A big surprise showed up on my double-net value search, a self-designed screen I've used for many years that identifies companies trading between 1 and 2 times net current asset value, or NCAV. In terms of market cap, the company in question is the largest that screen has identified in years. The stock is Rivian Automotive (RIVN) , which currently trades at 1.99x NCAV.
A company's road to trading at these levels is typically caused in large part by a declining stock price. Rivian, which went public last November at $78 jumped to $172 just days later, since has seen its price decline all the way to Tuesday's $31.40 close. Rivian shares are down nearly 70% year to date; delivery delays are at least part of the culprit.
Rivian ended its latest quarter with $16.4 billion, or just over $18.25 a share, in cash and slightly more than $1.2 billion in debt. While the current market cap is about $28 billion, the enterprise value (EV) is less than $13 billion.
If Rivian was profitable and not burning cash, the current NCAV valuation would be more meaningful, at least to this investor. However, Rivian is expected to lose money for the next five fiscal years. That's not surprising for a start-up. Revenue was just $55 million in 2021 but is expected to ramp up quickly to $13 billion by 2024 and $44 billion by 2027. However, it is a long road to profitability.
Rivian is clearly a growth story; Morgan Stanley expects that it might be the company that one day will challenge Tesla (TSLA) . This is not my cup of tea, but should be fun to watch.
More on the concept of double-nets: All else being equal, such a valuation can indicate a potentially cheap valuation, at least relative to net current assets. On the flip side, it also can identify companies that have seen their best days behind them, or, worse, are in a death spiral. Over the years, this has been fertile hunting ground for takeovers, especially when companies have a lot of cash on their books.
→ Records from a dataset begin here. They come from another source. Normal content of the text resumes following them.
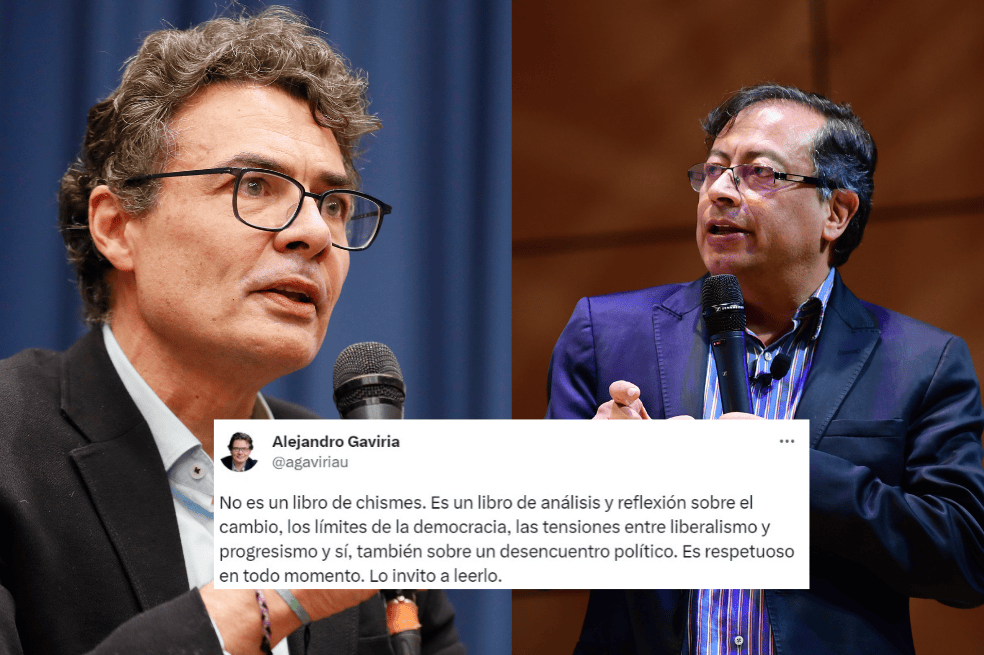 Alejandro Gaviria, exministro de Educación, hizo algunas aclaraciones sobre su nuevo libro "Explosión controlada", en el que aborda el gobierno de Gustavo Petro.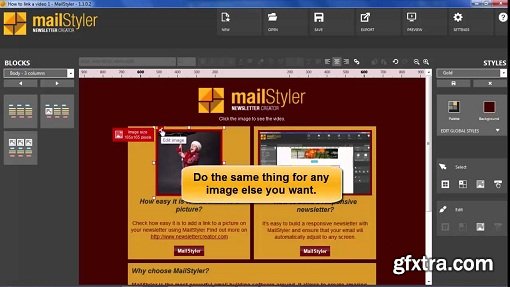 MailStyler Newsletter Creator Pro 1.4.1.2 Multilingual Portable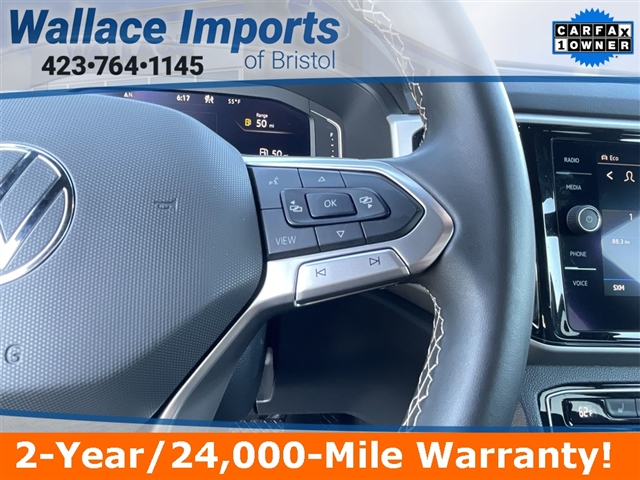 2022 Volkswagen Atlas Cross Sport 2.0T SE w/Technology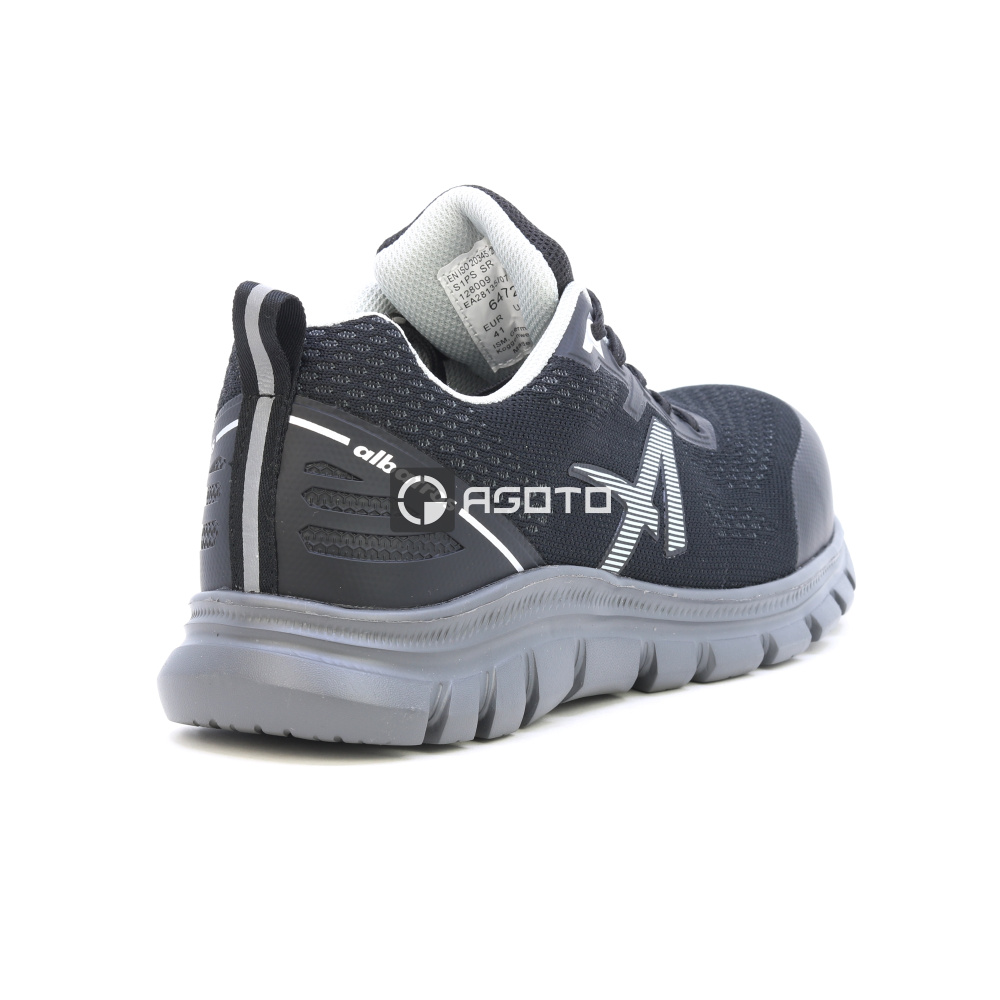 részlet ALBATROS 647220 Levitate S1P grey low munkavédelmi cipő SALE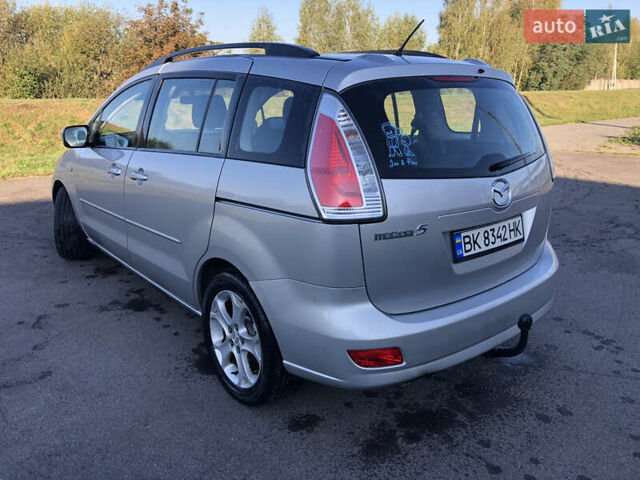 Сірий Мазда 5, об'ємом двигуна 2 л та пробігом 214 тис. км за 7500 $, фото 14 на Automoto.ua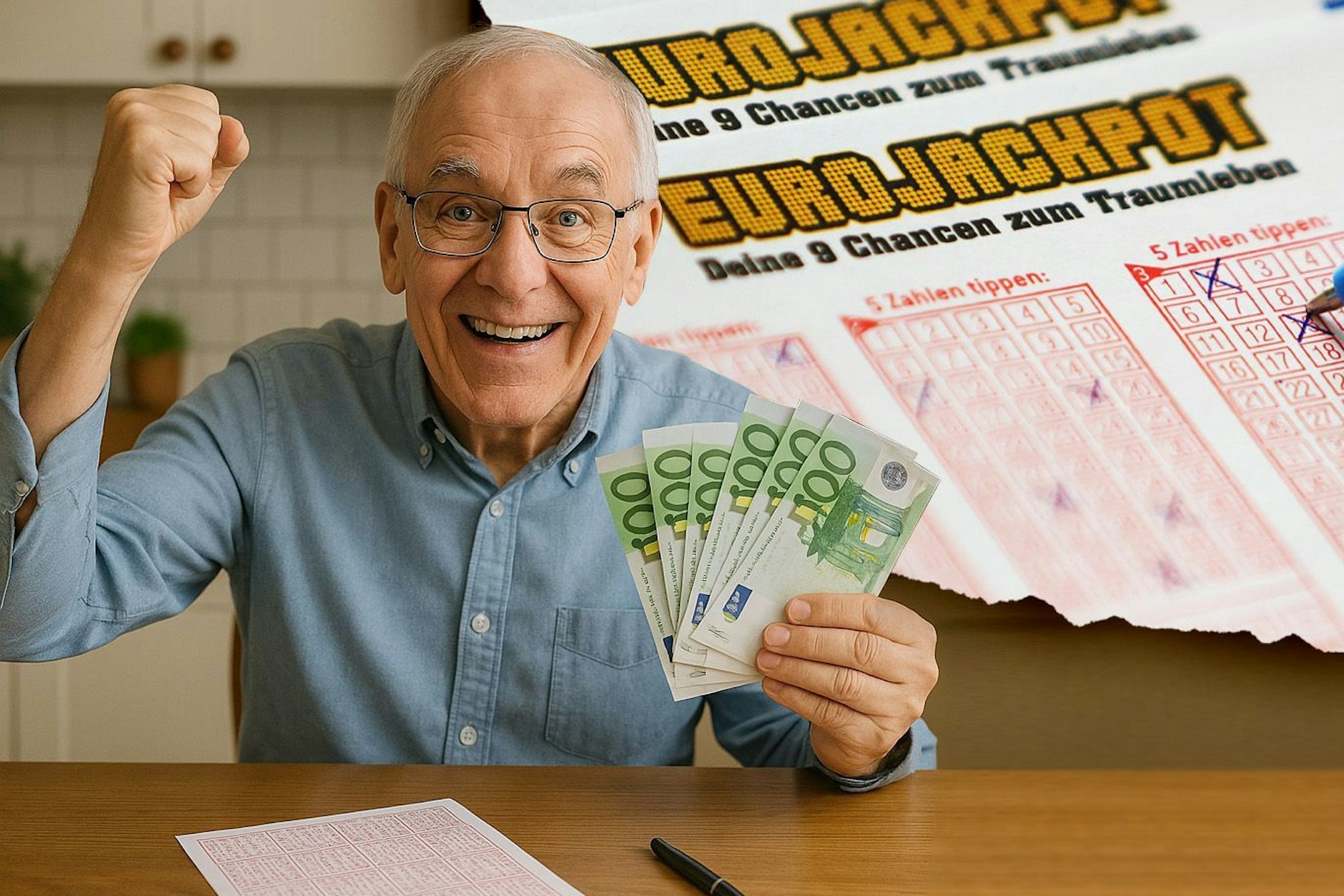 Am Dienstag werden wieder die Zahlen für den Eurojackpot gezogen. Dieses Mal geht es um 116 Millionen Euro.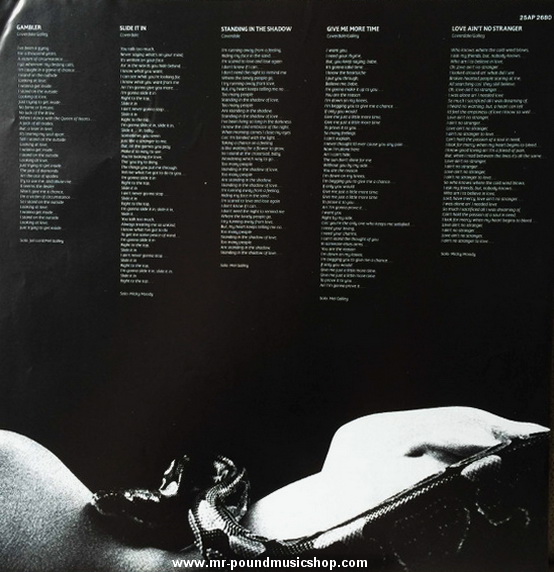 Whitesnake - Slide It In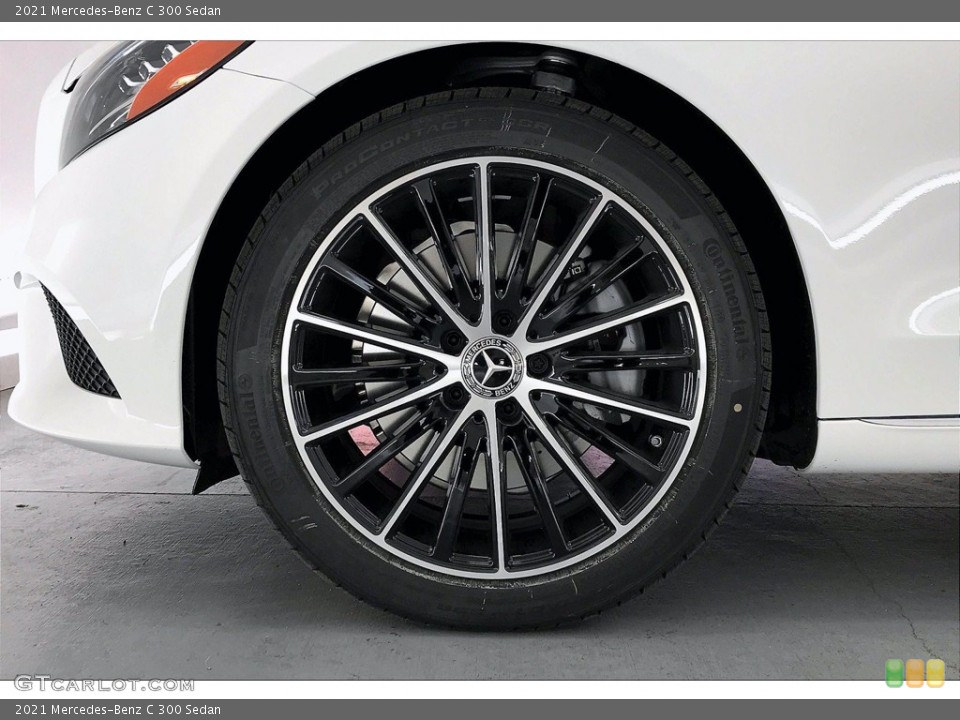 2021 Mercedes-Benz C 300 Sedan Wheel and Tire Photo #140662055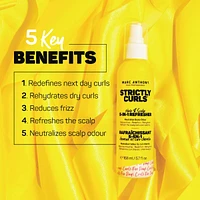 Strictly Curls™ Hair & Scalp 5-IN-1 Refresher
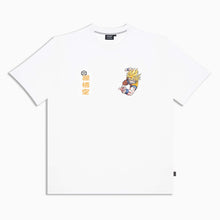 Carica l&#39;immagine nel visualizzatore di Gallery, Dolly Noire T-Shirt Goku Super Sayan Dragonball Bianca L
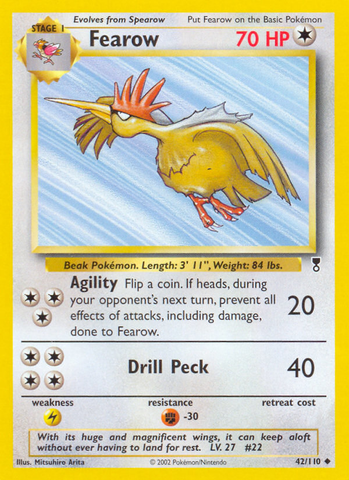 Fearow (42/110) [Legendary Collection] - The Mythic Store | 24h Order Processing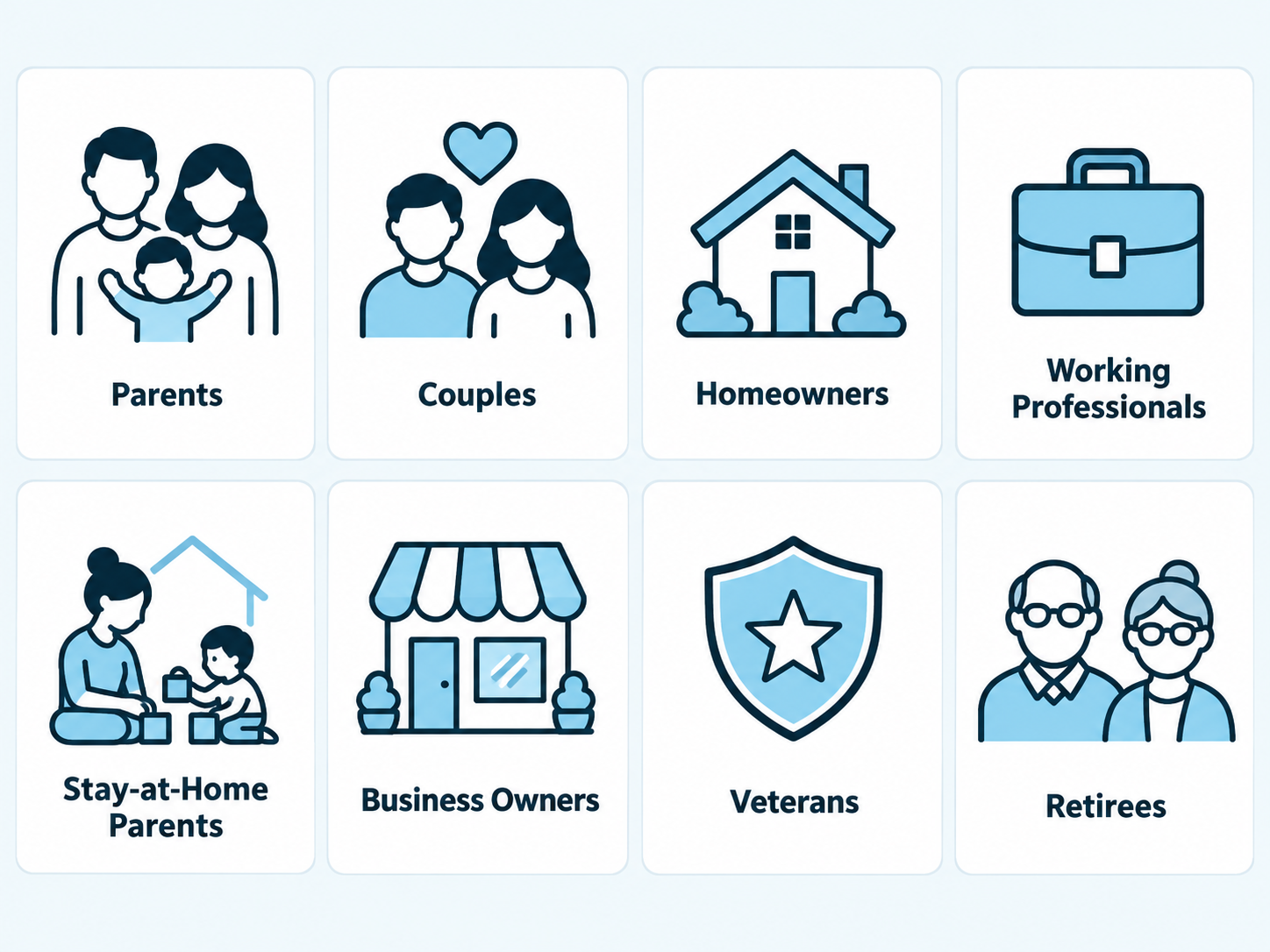 Life insurance considerations for different life stages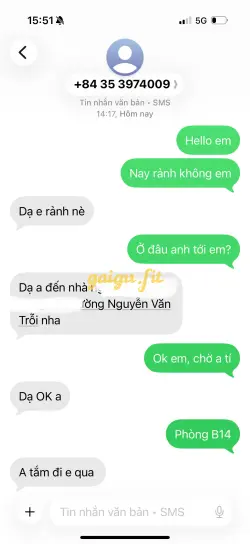 Ảnh đánh giá gái gọi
By way of a reminder, the formula for NCAV is current assets minus total liabilities, the product of which is divided into market cap. Long-term assets are not figured into the calculation, which can provide a margin of safety, depending on the magnitude and quality of those assets. This an underbelly of value investing; double-nets are a self-coined term based on Benjamin Graham's concept of net/nets, which Graham defined as companies trading at less than two-thirds of NCAV.